What to produce:
Output each entry that follows exactly. Images stay out.

Data for the task:

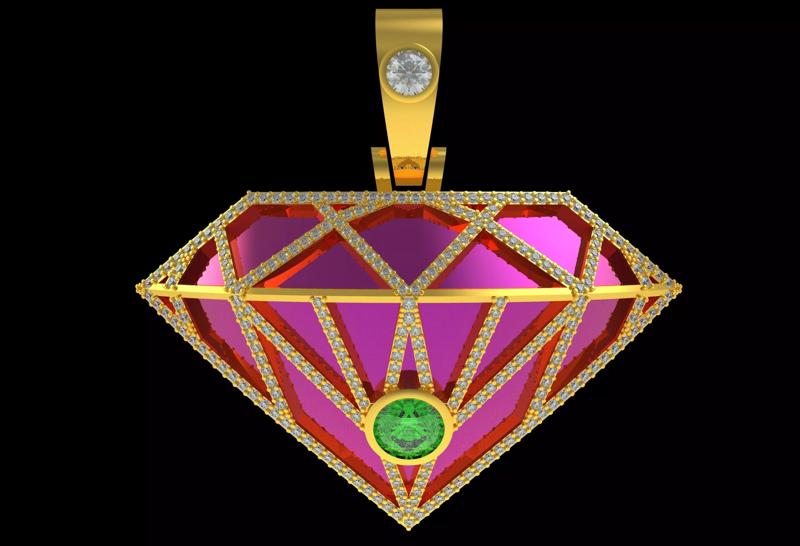 Diamond Shaped Gold Tone Charm Pendant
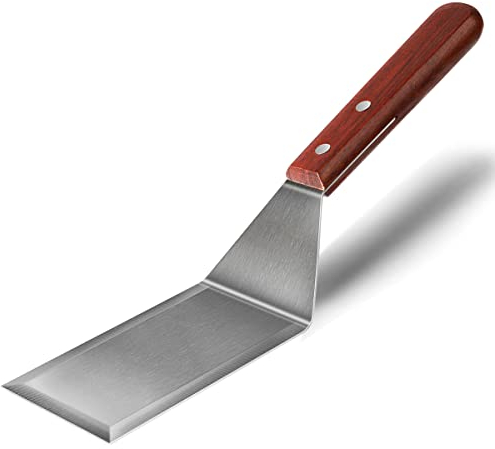 Spatule en métal pour poêle à frire en fonte, spatule de gril, spatule en acier inoxydable, spatule à hamburger, spatule à œuf spachulas, spatule en métal à dessus plat pour cuisson barbecue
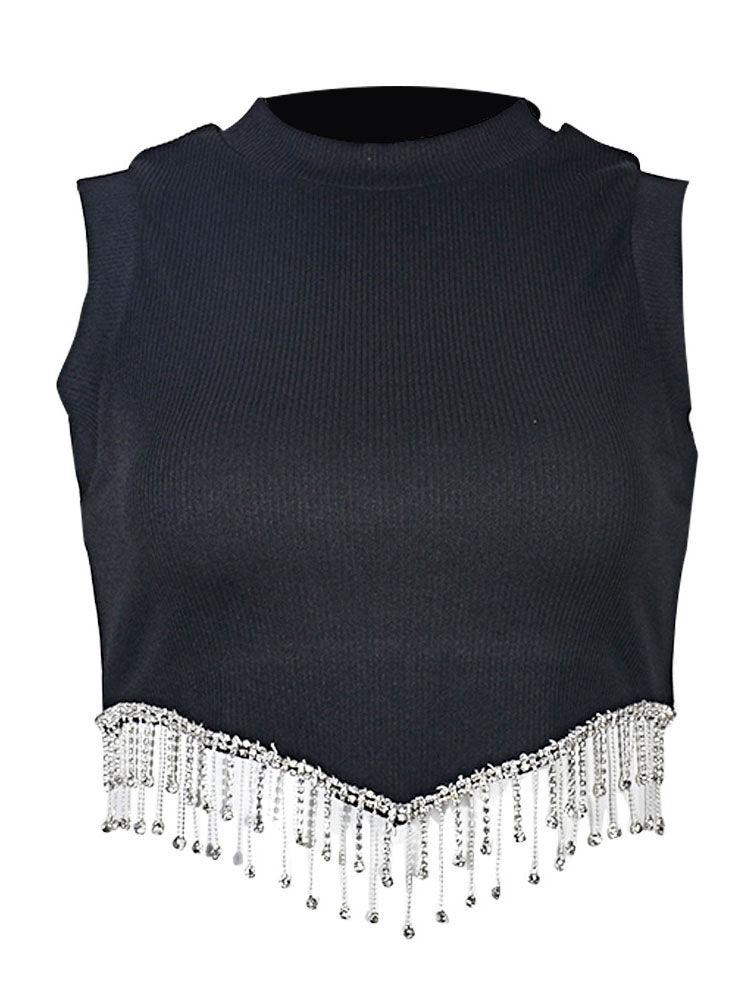Metal Chain Racerback Rhinestone Crop Top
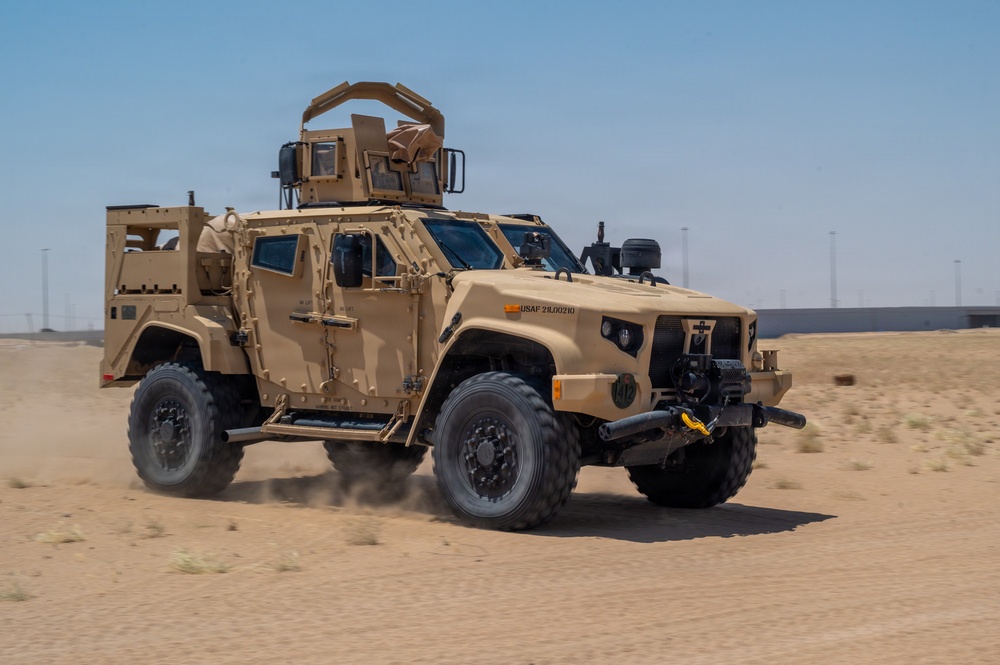 Security Forces airmen conduct routine patrol in the USCENTCOM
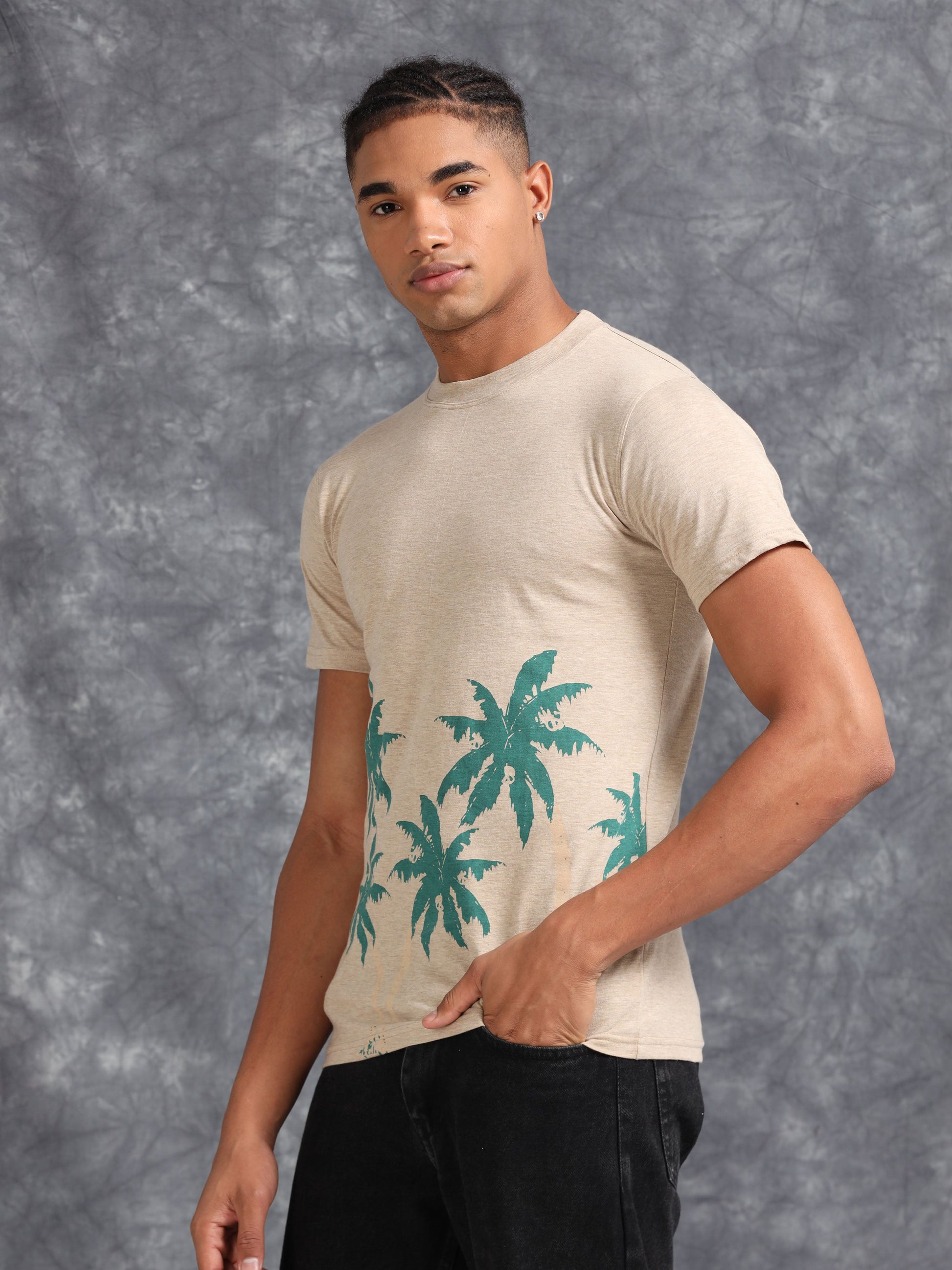 Beige Tropical Tree Printed Tee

Answer section:
 Diamond Shaped Gold Tone Charm Pendant
 Spatule en métal pour poêle à frire en fonte, spatule de gril, spatule en acier inoxydable, spatule à hamburger, spatule à œuf spachulas, spatule en métal à dessus plat pour cuisson barbecue
Metal Chain Racerback Rhinestone Crop Top
 Security Forces airmen conduct routine patrol in the USCENTCOM
 Beige Tropical Tree Printed Tee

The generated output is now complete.